An immediate concern is how to collapse disparate genotypic and clinical risk scores into summary measures of risk for the various domains. For clinical measures, z-scores place each person in relative risk categories with those within one standard deviation of the mean being at intermediate risk, those between 1 and 2 standard deviations at high (or low) risk, and everyone at the extremes at the very-high- or low-risk categories. A similar strategy could be applied to genotypic risk, or thresholds can be established based on the risk score distributions. Geometric means might be used to combine multiple scores, enhancing the relevance of individual high-risk values. My concern here is not with the optimal mode of collapsing but rather to suggest how spider-plot or similar visualization might be interpreted.

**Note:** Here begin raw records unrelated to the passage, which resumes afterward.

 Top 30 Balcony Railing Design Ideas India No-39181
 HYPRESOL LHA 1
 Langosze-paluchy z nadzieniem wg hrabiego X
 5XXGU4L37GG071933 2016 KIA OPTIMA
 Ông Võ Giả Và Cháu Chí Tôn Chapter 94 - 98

After consulting the spider-web plot with a physician or other health professional, the next step would be to examine the contributing risk factors in more detail. Consider the three examples. (1) In the cardiovascular domain, individual B in Fig. 1.3 has intermediate overall risk, but close examination shows that she is discordant for high blood pressure and lower than average genotypic risk of hypertension. This may suggest that some aspect of lifestyle, either high levels of job stress or a high salt diet, is responsible, and the low genetic risk might in some cases provide impetus for the individual to address the root cause. (2) Person A is concordant for obesity and high genetic risk of obesity, both of which produce high scores in the metabolic domain. Rather than accepting this as a fait accompli, with appropriate counseling she may learn that much of the genetic risk is due to neurological factors rather than any deficit in metabolic enzyme function, and this may help him to seek guidance in controlling dietary compulsions. (3) Another individual may be discordant in the organ failure domain for high genetic risk of age-related macular degeneration, but as a 70-year-old with above average eyesight has paid no attention to the possibility that he may soon suffer from loss of vision. Knowing the genetic risk, he will now have regular eye exams and follow emerging guidelines directed at preventing onset of the disease.

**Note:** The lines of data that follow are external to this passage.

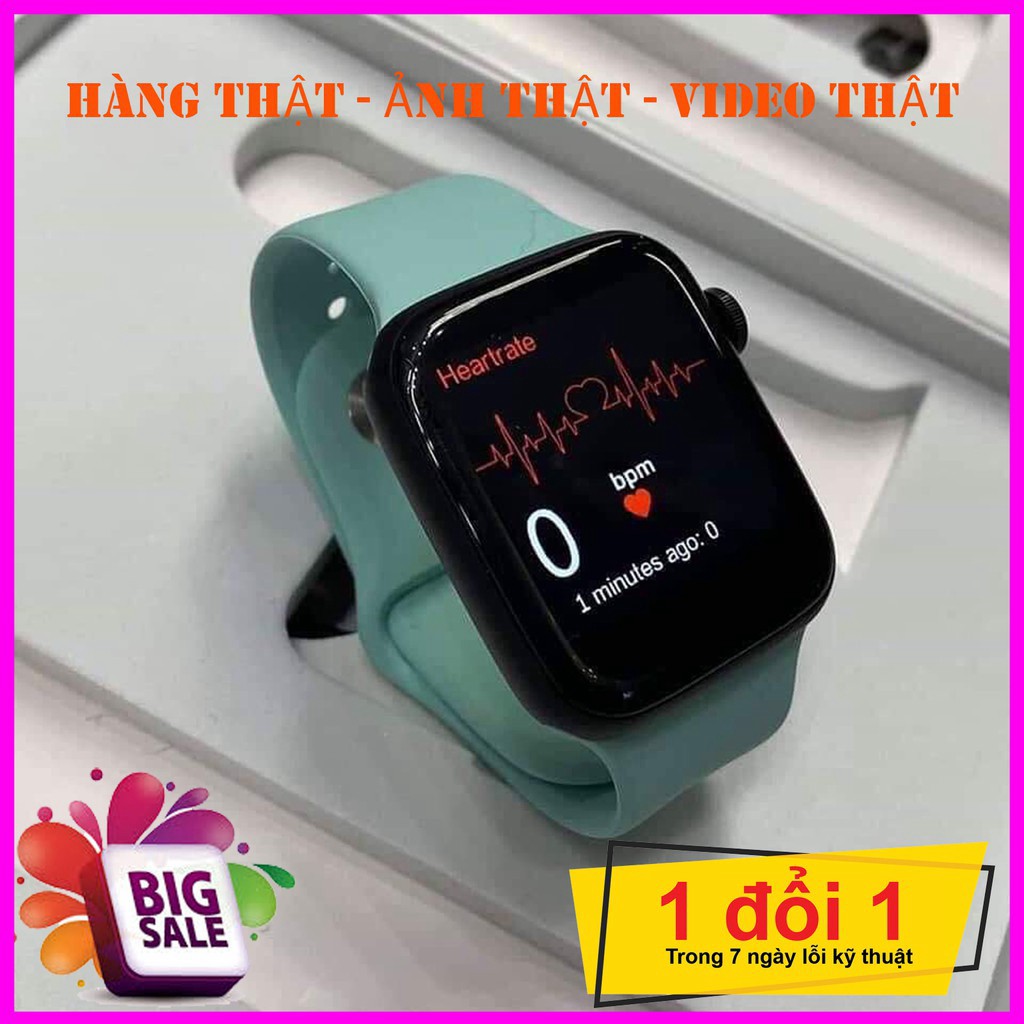 BẢO HÀNH 12 THÁNG Đồng Hồ Thông Minh T500 Bản Seri 5 Thế hệ mới Smart Watch Đẳng Cấp, Sang TrọngSIÊU HOT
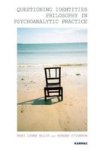 Questioning Identities - Philosophy in Psychoanalytic Practice Paperback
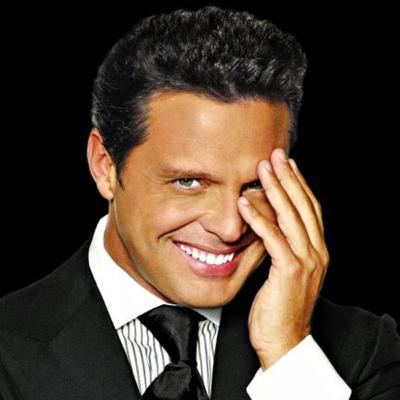 Luis Miguel Luis Miguel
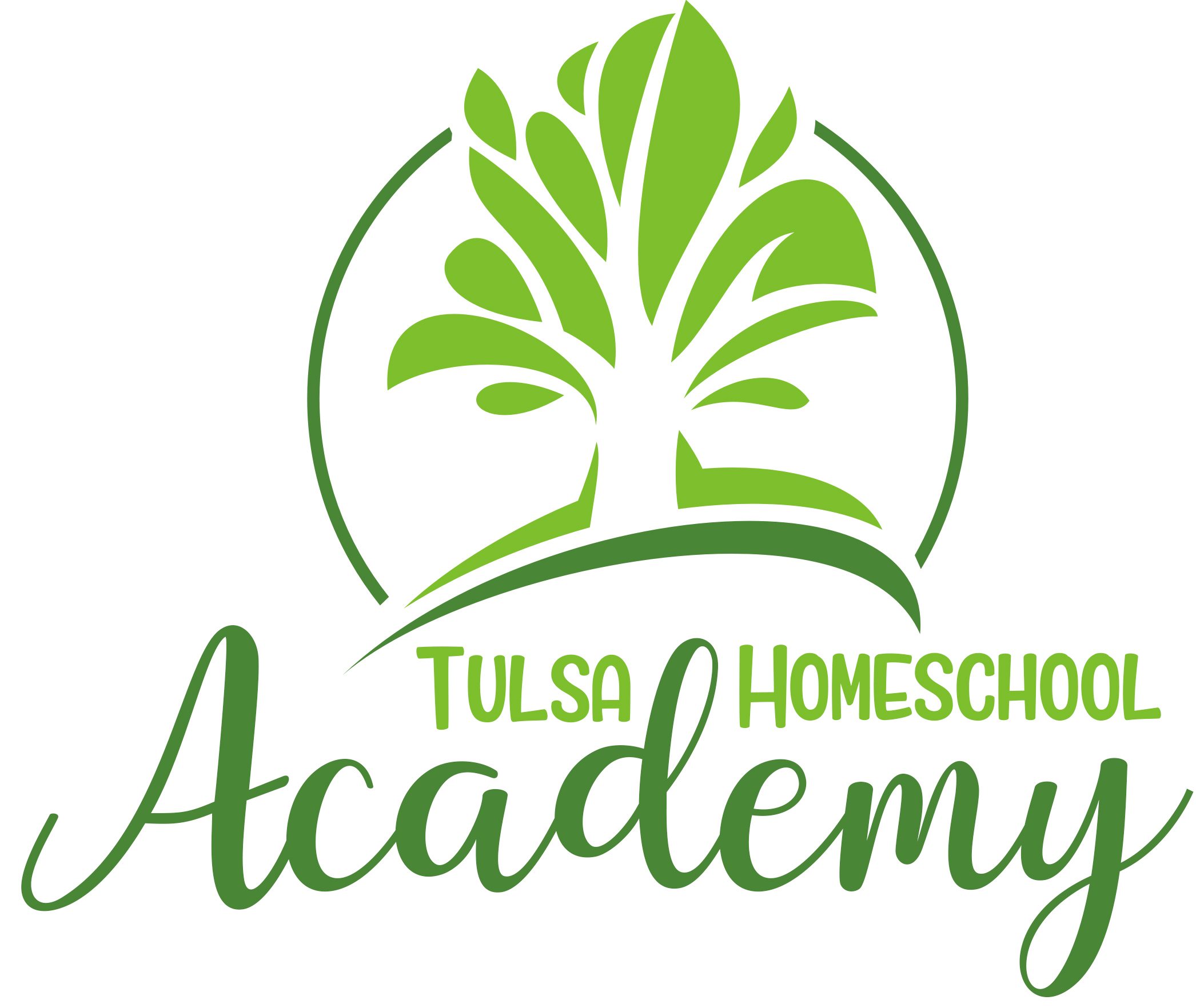 Tulsa Homeschool Academy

As discussed earlier, I envisage that genomic risk assessment will eventually incorporate transcriptional, epigenomic, and metabolic measures. The costs involved will be an obstacle for the foreseeable future, and it is not clear who will pay. It is nevertheless not difficult to see how a few thousand dollars spent on genomic analyses in middle age may save tens or hundreds of thousands of dollars in acute medical care for people approaching retirement age. Employers stand to benefit from reduced absenteeism and elevated productivity, and economic modeling suggests that the savings can be substantial. Scientific demonstration of the clinical efficacy of joint genomic and clinical profiling will likely take thousands of case studies over several years, a daunting challenge, but given the stakes, one that must be taken on.

1.4 Conclusion

Assuming success of the WHOLE paradigm, there will also be a need for training of a new class of health-care professional. A few genetic counseling programs are beginning to provide training in the interpretation of genome sequences. At the CHDWB, we have developed a Certificate program for Health Partners who consult with participants on the interpretation of their clinical profiles and help them to formulate personal health action plans. The combination of advanced genetic counseling with a health partner is expected to yield genomic counselors, masters level professionals who will work alongside physicians, dieticians, personal trainers, and clinical geneticists to provide people who care to take advantage of the wealth of information implicit in genomic medicine, with a path to health maintenance and extended well-being.